La nonviolenza è un'altra opzione a mio avviso oggi irrinunciabile. Tra i partiti solamente SEL vi si richiama con una certa forza. Che cosa significa esercitare la nonviolenza a livello politico? Battersi per una politica estera di pace, senza dubbio, tagliando le spese militari e destinando le risorse ad altre priorità, come le politiche sociali o l’istruzione; rifiutare la logica della guerra a favore della cooperazione e del dialogo. Ma non solo. Essere nonviolenti significa prima di tutto concepire il dialogo più possibile paritario come metodo da adottare a tutti i livelli nella risoluzione dei conflitti: nel prendere decisioni politiche rilevanti su un territorio coinvolgendo i cittadini, nel dialogo onesto con le altre forze politiche, nei dibattiti interni, nei rapporti con la società civile. Non basta essere contro le missioni militari come Grillo, se poi il tuo avversario politico o il giornalista che scrive male del tuo movimento sono nemici da odiare e mettere alla gogna. Ci vuole di più, ci vuole lo sforzo di scorgere la possibilità di soluzioni inedite e migliori in ogni conflitto, interno o esterno che sia, servono capacità si ascolto, umiltà, e non ultimo, come ricordava Gandhi, disponibilità a soffrire.
Infine, la democrazia. In una fase di paralisi istituzionale, di impoverimento e aggravarsi della crisi, la tentazione di ricorrere al decisionismo è forte. Invece, l’unica soluzione vera, forte e veramente vincente è il coinvolgimento attivo e partecipato di tutti i soggetti in campo. La partecipazione responsabilizza, arricchisce, educa. Una democrazia è viva se al suo interno hanno luogo continui processi di democratizzazione, che attraversano tutte le sfere sociali e tutti i luoghi in cui si esercita un potere: scuole, università, aziende, quartieri, forze dell’ordine, mass-media.. La democrazia però non è un modo di vita semplice e scontato: sono più facili e immediati la delega, il disinteresse, il trincerarsi in settarismi o nell’individualismo. Democratici non si nasce, ma si diventa; si impara a diventarlo esercitandosi tutta la vita. Una democrazia che non educa i cittadini ad essere democratici avrà vita breve.

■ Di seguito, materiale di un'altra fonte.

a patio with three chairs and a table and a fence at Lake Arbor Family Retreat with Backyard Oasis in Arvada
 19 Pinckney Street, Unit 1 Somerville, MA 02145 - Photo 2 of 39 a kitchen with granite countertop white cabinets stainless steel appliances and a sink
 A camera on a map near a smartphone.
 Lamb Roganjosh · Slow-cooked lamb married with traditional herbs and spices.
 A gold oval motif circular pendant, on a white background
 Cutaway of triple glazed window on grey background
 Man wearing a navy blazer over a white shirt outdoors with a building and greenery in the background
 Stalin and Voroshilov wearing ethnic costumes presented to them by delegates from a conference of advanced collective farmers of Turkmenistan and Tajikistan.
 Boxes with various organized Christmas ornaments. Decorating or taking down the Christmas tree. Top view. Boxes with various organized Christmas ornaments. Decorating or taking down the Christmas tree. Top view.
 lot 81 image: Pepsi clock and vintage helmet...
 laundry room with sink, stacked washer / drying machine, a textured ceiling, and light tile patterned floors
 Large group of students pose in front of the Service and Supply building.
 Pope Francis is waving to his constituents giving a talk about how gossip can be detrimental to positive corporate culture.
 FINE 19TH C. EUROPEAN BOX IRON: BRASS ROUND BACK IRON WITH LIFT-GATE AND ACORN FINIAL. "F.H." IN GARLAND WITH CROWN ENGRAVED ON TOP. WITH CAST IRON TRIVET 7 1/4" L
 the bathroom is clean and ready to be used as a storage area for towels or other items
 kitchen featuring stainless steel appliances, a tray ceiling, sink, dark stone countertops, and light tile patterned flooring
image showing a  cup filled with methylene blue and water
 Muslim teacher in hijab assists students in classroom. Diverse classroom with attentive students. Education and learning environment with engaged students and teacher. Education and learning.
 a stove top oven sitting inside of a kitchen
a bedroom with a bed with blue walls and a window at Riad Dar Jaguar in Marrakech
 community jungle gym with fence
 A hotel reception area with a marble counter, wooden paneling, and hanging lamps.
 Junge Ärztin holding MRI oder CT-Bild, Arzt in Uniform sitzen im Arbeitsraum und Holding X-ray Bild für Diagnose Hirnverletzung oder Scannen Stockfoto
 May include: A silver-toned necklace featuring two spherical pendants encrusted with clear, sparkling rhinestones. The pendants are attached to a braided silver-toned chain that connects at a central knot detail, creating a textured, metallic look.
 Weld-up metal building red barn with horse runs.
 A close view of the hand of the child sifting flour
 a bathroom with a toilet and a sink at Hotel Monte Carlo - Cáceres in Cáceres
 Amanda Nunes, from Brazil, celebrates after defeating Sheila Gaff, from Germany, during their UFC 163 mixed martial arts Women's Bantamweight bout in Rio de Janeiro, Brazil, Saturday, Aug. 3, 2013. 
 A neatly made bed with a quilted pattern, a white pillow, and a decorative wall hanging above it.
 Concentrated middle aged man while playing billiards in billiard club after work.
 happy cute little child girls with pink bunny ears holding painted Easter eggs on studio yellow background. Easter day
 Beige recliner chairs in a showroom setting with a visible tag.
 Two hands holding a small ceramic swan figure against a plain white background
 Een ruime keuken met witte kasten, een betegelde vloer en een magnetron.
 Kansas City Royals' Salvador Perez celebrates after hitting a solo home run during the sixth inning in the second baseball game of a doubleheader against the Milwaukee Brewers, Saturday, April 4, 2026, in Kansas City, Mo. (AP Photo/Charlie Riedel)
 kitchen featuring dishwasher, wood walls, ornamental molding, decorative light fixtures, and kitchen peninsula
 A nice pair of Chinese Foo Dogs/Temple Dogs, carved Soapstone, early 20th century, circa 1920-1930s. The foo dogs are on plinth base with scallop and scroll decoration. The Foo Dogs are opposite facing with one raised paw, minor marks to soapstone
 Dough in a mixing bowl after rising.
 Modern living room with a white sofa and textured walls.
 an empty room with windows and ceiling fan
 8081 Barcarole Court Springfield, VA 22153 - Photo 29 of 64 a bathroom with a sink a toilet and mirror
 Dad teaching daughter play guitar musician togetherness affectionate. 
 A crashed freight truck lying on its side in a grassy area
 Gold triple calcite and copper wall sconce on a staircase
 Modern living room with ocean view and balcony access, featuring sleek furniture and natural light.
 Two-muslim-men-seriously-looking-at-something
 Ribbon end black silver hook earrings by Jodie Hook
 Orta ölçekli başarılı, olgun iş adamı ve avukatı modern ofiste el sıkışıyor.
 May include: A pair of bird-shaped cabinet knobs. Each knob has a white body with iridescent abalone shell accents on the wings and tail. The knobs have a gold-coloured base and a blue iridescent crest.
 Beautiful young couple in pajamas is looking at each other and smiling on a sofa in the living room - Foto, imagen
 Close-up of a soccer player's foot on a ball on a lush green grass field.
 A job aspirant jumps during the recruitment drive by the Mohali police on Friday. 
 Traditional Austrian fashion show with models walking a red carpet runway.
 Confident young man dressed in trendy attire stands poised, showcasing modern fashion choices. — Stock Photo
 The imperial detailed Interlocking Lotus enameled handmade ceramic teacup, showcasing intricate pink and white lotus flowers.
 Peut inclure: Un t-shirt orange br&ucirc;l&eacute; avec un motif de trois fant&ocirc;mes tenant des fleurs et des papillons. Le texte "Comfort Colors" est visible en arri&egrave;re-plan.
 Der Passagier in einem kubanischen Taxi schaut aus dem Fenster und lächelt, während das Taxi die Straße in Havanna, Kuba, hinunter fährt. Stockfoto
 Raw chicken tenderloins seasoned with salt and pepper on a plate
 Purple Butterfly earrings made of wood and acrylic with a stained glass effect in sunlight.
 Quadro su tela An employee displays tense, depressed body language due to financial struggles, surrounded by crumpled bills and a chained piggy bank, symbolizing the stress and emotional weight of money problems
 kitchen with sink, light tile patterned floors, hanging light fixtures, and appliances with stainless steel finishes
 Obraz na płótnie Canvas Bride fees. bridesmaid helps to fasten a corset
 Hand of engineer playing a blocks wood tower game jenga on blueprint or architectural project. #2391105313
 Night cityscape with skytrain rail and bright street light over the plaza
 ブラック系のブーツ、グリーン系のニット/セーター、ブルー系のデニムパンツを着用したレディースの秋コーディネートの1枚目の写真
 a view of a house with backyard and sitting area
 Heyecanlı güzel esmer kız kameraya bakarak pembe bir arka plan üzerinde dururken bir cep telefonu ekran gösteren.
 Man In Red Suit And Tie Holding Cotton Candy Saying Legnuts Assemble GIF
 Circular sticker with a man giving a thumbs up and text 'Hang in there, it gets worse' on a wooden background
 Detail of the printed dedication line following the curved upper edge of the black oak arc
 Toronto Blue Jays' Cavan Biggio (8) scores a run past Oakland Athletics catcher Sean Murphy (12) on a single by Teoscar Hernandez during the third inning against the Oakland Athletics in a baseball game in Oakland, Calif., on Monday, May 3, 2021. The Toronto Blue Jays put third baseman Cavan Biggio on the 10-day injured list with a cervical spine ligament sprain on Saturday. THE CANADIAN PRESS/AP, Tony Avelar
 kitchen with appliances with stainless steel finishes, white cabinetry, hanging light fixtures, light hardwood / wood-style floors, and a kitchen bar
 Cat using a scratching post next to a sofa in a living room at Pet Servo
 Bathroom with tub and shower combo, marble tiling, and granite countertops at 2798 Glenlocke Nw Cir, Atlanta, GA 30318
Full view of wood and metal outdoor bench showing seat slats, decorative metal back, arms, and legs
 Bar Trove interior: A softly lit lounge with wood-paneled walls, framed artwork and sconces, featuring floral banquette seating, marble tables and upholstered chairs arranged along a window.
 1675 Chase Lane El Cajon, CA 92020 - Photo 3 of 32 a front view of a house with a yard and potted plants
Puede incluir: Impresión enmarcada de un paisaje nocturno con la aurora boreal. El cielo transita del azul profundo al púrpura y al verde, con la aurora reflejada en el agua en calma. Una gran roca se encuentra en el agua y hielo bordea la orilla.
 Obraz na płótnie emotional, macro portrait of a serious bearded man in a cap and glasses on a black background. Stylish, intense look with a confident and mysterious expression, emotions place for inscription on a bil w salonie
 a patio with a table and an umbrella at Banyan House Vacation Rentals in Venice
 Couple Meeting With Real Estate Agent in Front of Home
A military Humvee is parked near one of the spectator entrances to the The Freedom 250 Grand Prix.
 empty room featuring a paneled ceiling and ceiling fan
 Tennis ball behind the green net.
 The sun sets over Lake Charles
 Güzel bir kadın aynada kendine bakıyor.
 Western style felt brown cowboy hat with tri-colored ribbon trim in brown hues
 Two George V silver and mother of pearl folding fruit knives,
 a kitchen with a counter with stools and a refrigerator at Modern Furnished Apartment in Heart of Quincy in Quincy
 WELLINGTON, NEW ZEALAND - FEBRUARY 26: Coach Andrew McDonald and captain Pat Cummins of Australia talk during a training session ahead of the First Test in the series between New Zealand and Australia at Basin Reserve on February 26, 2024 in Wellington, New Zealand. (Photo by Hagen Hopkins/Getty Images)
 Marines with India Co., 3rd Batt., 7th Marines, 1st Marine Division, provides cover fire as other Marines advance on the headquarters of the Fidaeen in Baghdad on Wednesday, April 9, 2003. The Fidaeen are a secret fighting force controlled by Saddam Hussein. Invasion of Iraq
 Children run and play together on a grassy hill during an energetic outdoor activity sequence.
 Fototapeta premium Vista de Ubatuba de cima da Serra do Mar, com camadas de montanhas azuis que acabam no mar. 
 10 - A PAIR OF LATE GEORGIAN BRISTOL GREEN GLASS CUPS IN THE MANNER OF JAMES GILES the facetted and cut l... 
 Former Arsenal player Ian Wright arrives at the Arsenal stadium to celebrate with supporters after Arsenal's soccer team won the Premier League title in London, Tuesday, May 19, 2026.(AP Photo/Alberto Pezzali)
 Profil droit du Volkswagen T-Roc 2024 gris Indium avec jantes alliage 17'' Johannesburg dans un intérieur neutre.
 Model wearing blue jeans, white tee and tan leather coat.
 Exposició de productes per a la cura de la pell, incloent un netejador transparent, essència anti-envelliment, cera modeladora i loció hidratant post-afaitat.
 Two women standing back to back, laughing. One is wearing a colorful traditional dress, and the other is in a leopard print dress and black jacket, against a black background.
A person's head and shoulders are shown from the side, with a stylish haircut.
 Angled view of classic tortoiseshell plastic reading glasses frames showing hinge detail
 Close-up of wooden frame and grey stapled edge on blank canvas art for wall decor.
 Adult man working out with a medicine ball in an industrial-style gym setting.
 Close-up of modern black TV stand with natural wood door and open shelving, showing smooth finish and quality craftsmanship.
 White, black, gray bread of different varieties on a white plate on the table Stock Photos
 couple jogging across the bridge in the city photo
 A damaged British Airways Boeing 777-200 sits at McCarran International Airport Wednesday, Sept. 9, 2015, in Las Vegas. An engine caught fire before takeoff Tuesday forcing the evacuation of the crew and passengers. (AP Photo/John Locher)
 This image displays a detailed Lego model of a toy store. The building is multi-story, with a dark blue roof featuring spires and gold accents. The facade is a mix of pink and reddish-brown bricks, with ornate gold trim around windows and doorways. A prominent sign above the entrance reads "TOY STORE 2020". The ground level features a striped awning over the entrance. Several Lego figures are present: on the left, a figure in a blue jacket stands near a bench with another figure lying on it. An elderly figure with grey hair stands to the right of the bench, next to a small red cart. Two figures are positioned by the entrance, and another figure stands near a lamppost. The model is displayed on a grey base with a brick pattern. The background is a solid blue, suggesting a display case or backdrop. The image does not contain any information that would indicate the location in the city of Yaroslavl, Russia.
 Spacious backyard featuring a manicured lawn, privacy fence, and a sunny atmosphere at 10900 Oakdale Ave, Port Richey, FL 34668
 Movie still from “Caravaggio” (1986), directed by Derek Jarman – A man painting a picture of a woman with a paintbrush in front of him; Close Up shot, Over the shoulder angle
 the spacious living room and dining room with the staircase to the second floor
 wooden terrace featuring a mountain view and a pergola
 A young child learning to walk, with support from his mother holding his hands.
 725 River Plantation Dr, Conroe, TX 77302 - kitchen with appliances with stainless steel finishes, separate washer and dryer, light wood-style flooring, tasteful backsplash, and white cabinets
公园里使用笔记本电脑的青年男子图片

Compito di ogni soggetto collettivo di sinistra, e ancor prima di ogni persona di sinistra oggi in Italia è esercitare la trasparenza, la nonviolenza e la democrazia nei luoghi in cui si trova ad agire quotidianamente, gettando semi di cambiamento in un paese stanco e malato, senza rinunciare alla speranza in un mondo migliore.